Friday, July 13, 2012

Richard Betts- Highway Call

Highway Call
This is the album that bridged the boundaries between country, rock, blue-grass and jazz in the most perfectly realized way possible. In the final analysis, it's the special vibe of this album that sets it apart from other blue-grass/rock fusion albums. What Betts and gang seem to be wordlessly communicating as a subtext to all the music is a bond between different generations of musicians from the South that's created solely from their dedication to being free spirits no matter what different paths they might have taken to get there. This is not just a foot-stomping backwoods party album. There's a completely laid-back lack of rigidity, a beautiful melodicism and deep romanticism that could only come from Betts' leadership and the hippie legacy he brings from the Allman Brothers Band. There's philosophy and deep meditation behind this music that communicates very intensely even if it was only 'the spirit of the times' that was subconsciously affecting the proceedings.
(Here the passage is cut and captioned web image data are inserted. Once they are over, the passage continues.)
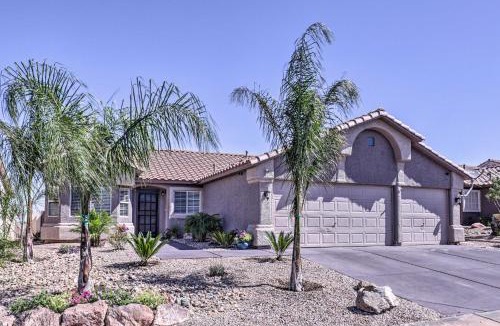 Townsite House | Incredible Strip View, Peaceful Poolside Escape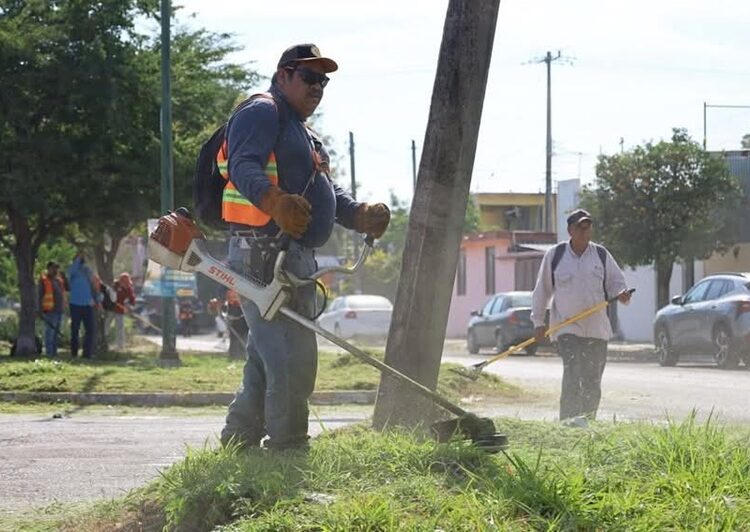 Supervisa Lalo Gattás cuidado de entorno urbano de la Capital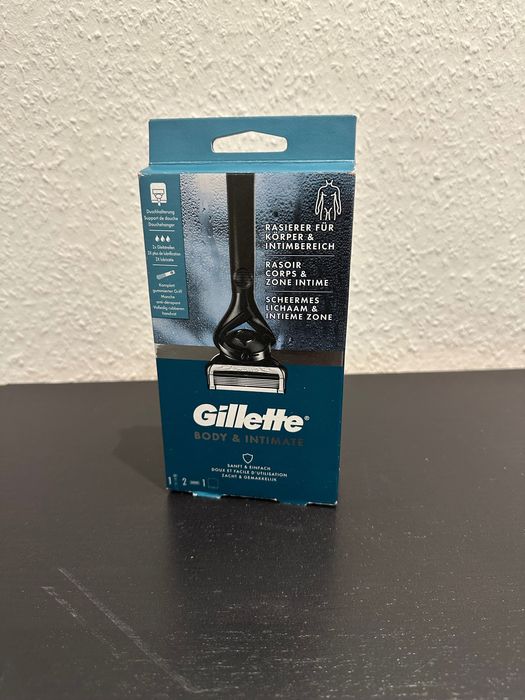 Станок для інтимних зон Gillette Intimate 5 лез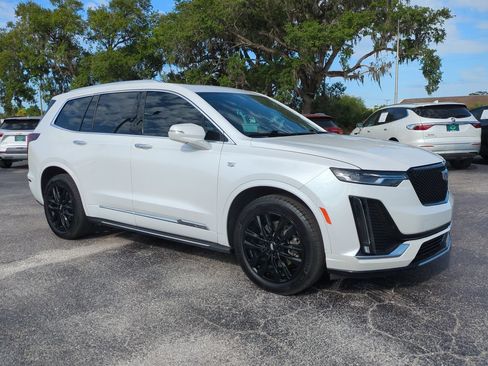 Used 2024 Cadillac XT6 Luxury AWD/4WD image 2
The remastered album sounds fantastic. I played this one back to back with Greg Allman's classic "Laid Back" (remastered by the same people and released at the same time as the "Highway Call" remaster here) and the recording quality and production and the way the remastering brings it out on both just blew me away. I wonder if the musicians heard themselves sound so good on the studio playback monitors back then! If you want to be even more impressed, put some mikro-smooth polish from mapleshade audio products on the CD to eliminate laser jitter and you will be knocked out of your seat at how great the tones created by these master musicians 33 years ago sound today.